We previously described KSHV microRNA sequence heterogeneity in PEL cell lines and clinical samples [14], and showed that certain SNPs in KSHV microRNAs were associated with MCD risk [15]. We then functionally analyzed the relationship between those SNPs, predicted microRNA secondary structure, microRNA production, maturation and targeting efficiencies using in vitro systems. We demonstrated that SNPs originally observed in KSHV-infected patients are associated with significant yet complex effects on microRNA maturation [16]. In this report, we further investigate SNPs in the entire microRNA region and illustrate ex vivo the association between sequence variation and changes in mature microRNA levels in KS lesions; we also predict the structure of pri-microRNA with wt and variant sequences.

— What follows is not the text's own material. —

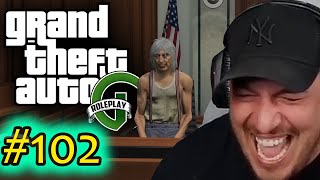 GTA 5 RP | # 102 | DIPLOMÁCIÁS BESZÉDEK | SPOROLÁS KABÁTBA ZUHANYZÓÓÓÓ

Since our first report of KSHV microRNA sequence polymorphisms in 2010, the contribution of microRNA variations in the context of gene regulation and viral disease has increasing become more apparent as recently summarized [21]. Our current sequence analysis has identified new SNPs within the microRNA coding regions, many that are KSHV subtype specific, distinguishing viral strains commonly observed in Africa from Europe/North America. Sequence specific polymorphisms previously reported by us and others were verified including changes occurring in pre- and mature microRNAs. Most sequence variations observed occur in the pri-microRNA regions with a noted concentration of changes between viral mir-K12-8 and mir-K12-9 as detailed in Figure 2.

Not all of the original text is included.